THE PROBLEM
For the material that follows, list every line containing the word "Mountain".

-- DATA IN THIS EXERCISE follows --

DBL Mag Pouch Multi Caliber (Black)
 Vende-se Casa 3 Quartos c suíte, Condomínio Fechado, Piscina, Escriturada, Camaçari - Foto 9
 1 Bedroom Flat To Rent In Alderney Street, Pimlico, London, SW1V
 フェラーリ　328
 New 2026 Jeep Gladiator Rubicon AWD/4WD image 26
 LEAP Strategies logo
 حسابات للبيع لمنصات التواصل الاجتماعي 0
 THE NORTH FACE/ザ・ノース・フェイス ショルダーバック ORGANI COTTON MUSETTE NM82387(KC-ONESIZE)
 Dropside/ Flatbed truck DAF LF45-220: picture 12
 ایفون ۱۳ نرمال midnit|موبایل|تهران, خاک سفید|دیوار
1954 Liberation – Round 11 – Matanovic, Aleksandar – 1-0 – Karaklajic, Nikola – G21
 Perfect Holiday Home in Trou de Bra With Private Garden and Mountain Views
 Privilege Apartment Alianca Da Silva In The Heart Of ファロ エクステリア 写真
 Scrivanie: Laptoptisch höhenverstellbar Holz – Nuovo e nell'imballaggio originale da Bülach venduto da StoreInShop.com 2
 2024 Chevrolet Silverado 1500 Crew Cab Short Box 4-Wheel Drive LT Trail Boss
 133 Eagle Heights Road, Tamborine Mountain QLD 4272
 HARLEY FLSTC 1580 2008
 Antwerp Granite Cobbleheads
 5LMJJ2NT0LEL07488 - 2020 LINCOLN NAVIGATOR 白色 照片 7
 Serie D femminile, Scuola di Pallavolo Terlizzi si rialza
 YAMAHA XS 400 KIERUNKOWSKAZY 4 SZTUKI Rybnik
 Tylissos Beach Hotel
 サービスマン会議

-- DATA IN THIS EXERCISE concluded --

ANSWER TO THE PROBLEM
 Perfect Holiday Home in Trou de Bra With Private Garden and Mountain Views
 133 Eagle Heights Road, Tamborine Mountain QLD 4272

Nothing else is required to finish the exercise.